Atualmente, o estudo sobre a maturidade humana se completou com diversas perspectivas oferecidas pelas ciências modernas. Suas conclusões são úteis na medida em que partem de uma visão do homem aberta à mensagem cristã.

Assim, alguns costumam distinguir três campos fundamentais na maturidade: intelectual, emotiva e social. Traços significativos de maturidade intelectual podem ser: um adequado conceito de si mesmo (proximidade entre o que uma pessoa pensa que é, e o que realmente é; a sinceridade consigo mesmo influi decisivamente nisso); uma filosofia correta da vida; estabelecer pessoalmente metas e fins claros, porém com horizontes abertos e ilimitados (em amplitude, profundidade e intensidade); um conjunto harmonioso de valores; uma clara certeza ético-moral; um realismo sadio ante o próprio mundo e alheio; a capacidade de reflexão e análise serena dos problemas; a criatividade e a iniciativa; etc.

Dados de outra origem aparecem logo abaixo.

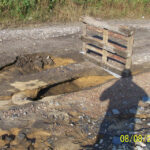 Brak kanałów burzowych na parkingu przy cmentarzu w Cedzynie powoduje, że po każdym większym deszczu, ulice położone poniżej placu są zalewane. / arch. prywatne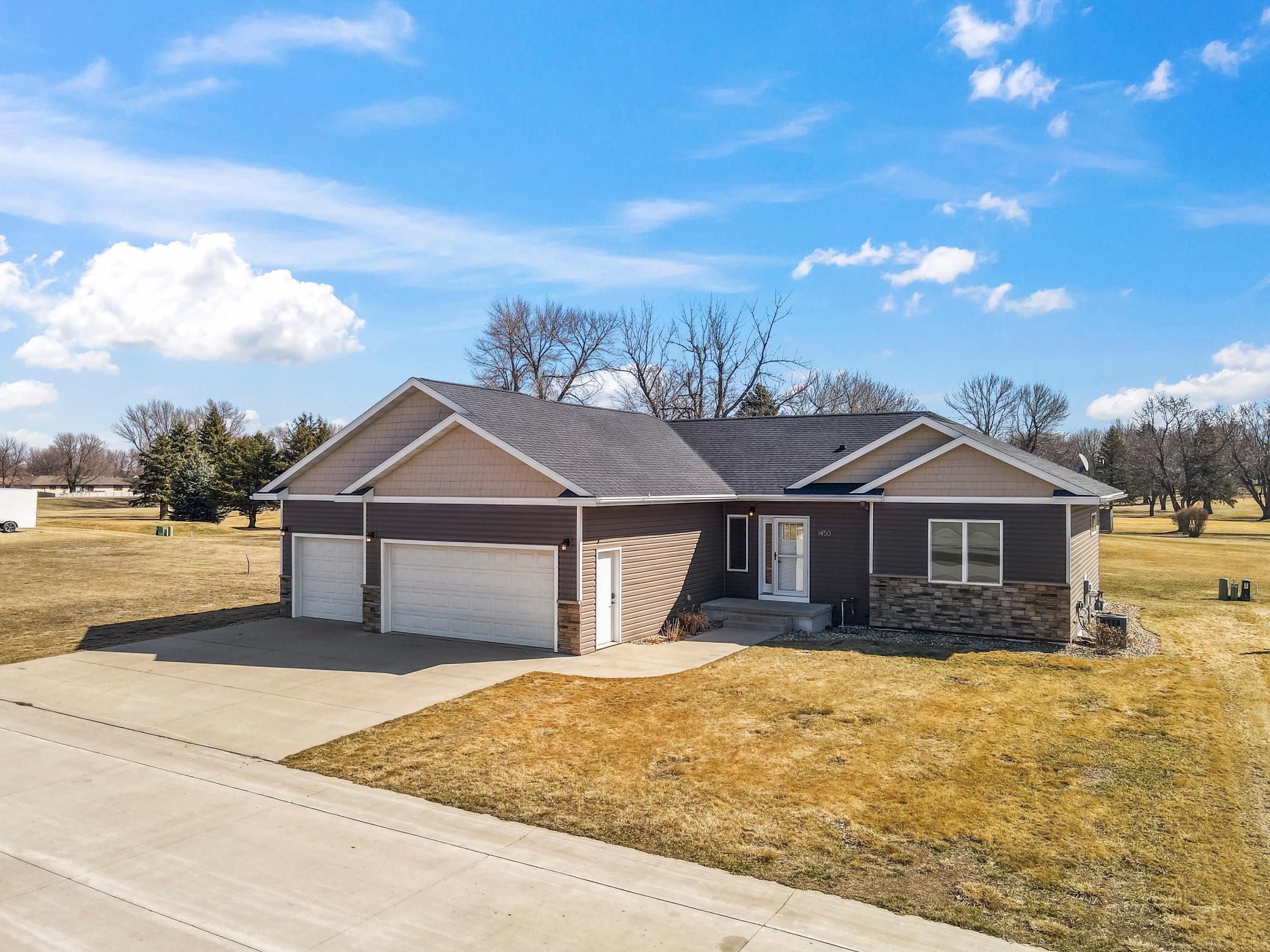 1450 N Crailsheim Road, Worthington, Minnesota image 1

Entre os traços de maturidade emotiva, sem nenhuma pretensão de exaustividade, cabe distinguir: saber reagir proporcionalmente ante os acontecimentos da vida, sem deixar-se abater pelo fracasso nem perder o realismo no sucesso; a capacidade de controle flexível e construtivo de si mesmo; o saber amar, ser generosos e dar-se aos outros; a segurança e firmeza nas decisões e compromissos; a serenidade e capacidade de superação ante os desafios e as dificuldades; o otimismo, a alegria, a simpatia e o bom humor.

Finalmente, como parte da maturidade social encontramos: o afeto sincero pelos outros, o respeito a seus direitos e o desejo de descobrir e aliviar suas necessidades; a compreensão da diversidade de opiniões, valores ou traços culturais, sem preconceitos; a capacidade de crítica e independência perante a cultura dominante, o ambiente, os grupos de pressão ou as modas; uma naturalidade no comportamento que leva a atuar sem convencionalismos; a ser capazes de ouvir e compreender; a disposição a colaborar com outros.

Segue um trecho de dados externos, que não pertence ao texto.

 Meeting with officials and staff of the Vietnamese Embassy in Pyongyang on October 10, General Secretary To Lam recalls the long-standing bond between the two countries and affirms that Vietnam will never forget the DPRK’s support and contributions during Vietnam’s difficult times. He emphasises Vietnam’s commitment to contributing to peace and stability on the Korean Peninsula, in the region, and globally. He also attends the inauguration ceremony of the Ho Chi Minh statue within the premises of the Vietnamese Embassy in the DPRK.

Um caminho para a maturidade

Poderíamos resumir essas características dizendo que a pessoa madura é capaz de desenvolver um projeto elevado, claro e harmonioso de sua vida, e possui as disposições positivas necessárias para realizá-lo com facilidade.

Em qualquer caso, a maturidade é um processo que requer tempo, e passa por diferentes momentos e etapas. Costumamos crescer de uma maneira gradual, embora na história pessoal possa haver acontecimentos que levam a dar grandes saltos. Por exemplo: para alguns, o nascimento do primeiro filho é um marco divisório, ao perceber o que implica esta nova responsabilidade; ou, depois de passar por sérias dificuldades econômicas, uma pessoa pode aprender a reconsiderar quais são as coisas verdadeiramente importantes na vida; etc.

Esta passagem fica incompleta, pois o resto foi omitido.